Grâce à un montage privilégiant les effets de surimpressions et de ralentis, Radiomentale met en place une forme de récit ouvert et léthargique, une métafiction, un scénario brisé, ouvrant de nombreuses voies d’interprétation pour le spectateur (ce que le duo pratique déjà dans ses pièces purement sonores depuis la moitié des années 90).
La double projection met en forme ces tentatives de dialogues entre les personnages ainsi que les connexions possibles entre les différents espaces, les différents récits, figurés à l’image.

Installation « Ghost Track » de Radiomentale, projection sur les murs du quartier de Celleneuve, lors du Festival ZAT, Montpellier 2012.
Ici, des visages fantomatiques semblent communiquer à travers le temps et l’espace, des corps semblent prisonniers des limbes, un brouillard mystérieux envahit chacune des images, et deux musiciens, un joueur de guitare et une organiste, sont à l’évidence possédés par leur instrument et hantés par leurs mélodies. On évolue ici dans un univers qui évoque volontiers l’au-delà, la dimension chimérique des images, le registre des apparitions divines, la transmission de pensée, la connexion avec d’autres espaces temporels. Soient autant de thèmes qui ont marqué la fin du 19e et le début du 20e siècle, notamment l’ésotérisme et le symbolisme, et que l’on retrouve naturellement aujourd’hui dans le travail d’autres artistes contemporains.

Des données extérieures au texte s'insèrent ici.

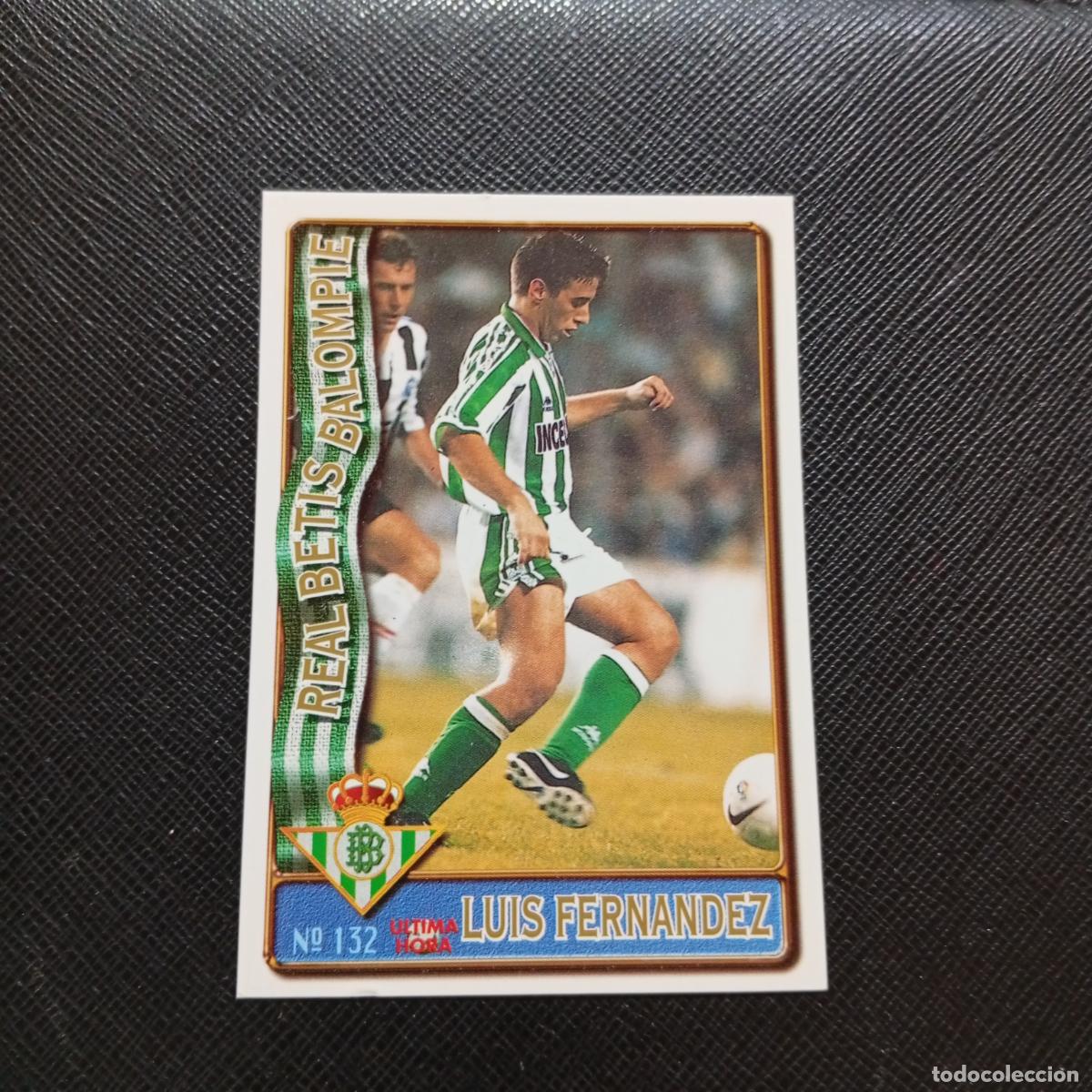 Cromos de F&uacute;tbol: 132 LUS FERNANDEZ REAL BETIS MUNDICROMO 1996 1997 CROMO FUTBOL LIGA 96 97 - A207 PG168 ULTIMA HORA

Au fond, le cinéma muet, avec ses images surgies d’un lointain passé, ses visages expressifs et blanchis par le maquillage, ses comédiens décédés depuis de longues années, constitue sans doute une forme moderne de nos histoires de fantômes d’hier. Les esprits errants en quête de rédemption ou de vengeance ne peuplent plus les châteaux mais hantent désormais nos écrans, que cela soit une salle de cinéma, un écran d’ordinateur ou de télévision. Rejouant indéfiniment la même scène et le même scénario, ces acteurs semblent prisonniers de leur destinée couchée sur la pellicule, sans posséder le moindre espoir de connaître une paix éternelle, ou une autre vie. A moins bien sûr d’être extraits ou détournés du scénario qui les attend, et d’être confrontés à de nouveaux personnages, ou de nouvelles situations.
On appelle en anglais « ghost track » ces morceaux malicieusement cachés à la fin d’un CD, que l’on découvre parfois après la diffusion du dernier titre de l’album, et après de longues minutes de silence. Lorsque l’auditeur laisse ainsi son CD sur la touche lecture, il est parfois ainsi surpris ou charmé par l’irruption inopinée d’une mélodie qui semble sortie de nulle part, ou du passé.
La bande-son qui accompagne ces images est composée par Radiomentale à partir de sons et de fréquences électroniques, de sons naturels retraités, d’échos lointains de pianos et d’orgue, ainsi que d’un sample d’une pièce de Philip Glass, dont les fragiles conditions d’enregistrement viennent renforcer le caractère flottant de l’ensemble.
Depuis ses origines et l’invention du Theremin, la musique électronique a d’ailleurs beaucoup à voir avec les idées de connexion et de transmission, de mémoire transmises à travers le temps, les ondes ou l’éther (chez les Anciens, l’éther est décrite comme un fluide subtil remplissant les espaces situés au-delà de l’atmosphère terrestre, et plus tard comme un fluide hypothétique, impondérable, élastique, que l’on regarde comme l’agent de transmission de la lumière et de l’électricité).
Le caractère immatériel de la musique, et plus encore de la musique électronique, ainsi que ses instruments alimentés par l’électricité, en font le médium rêvé pour matérialiser l’oubli, signifier l’absence et rappeler à notre esprit la mémoire des âmes oubliées.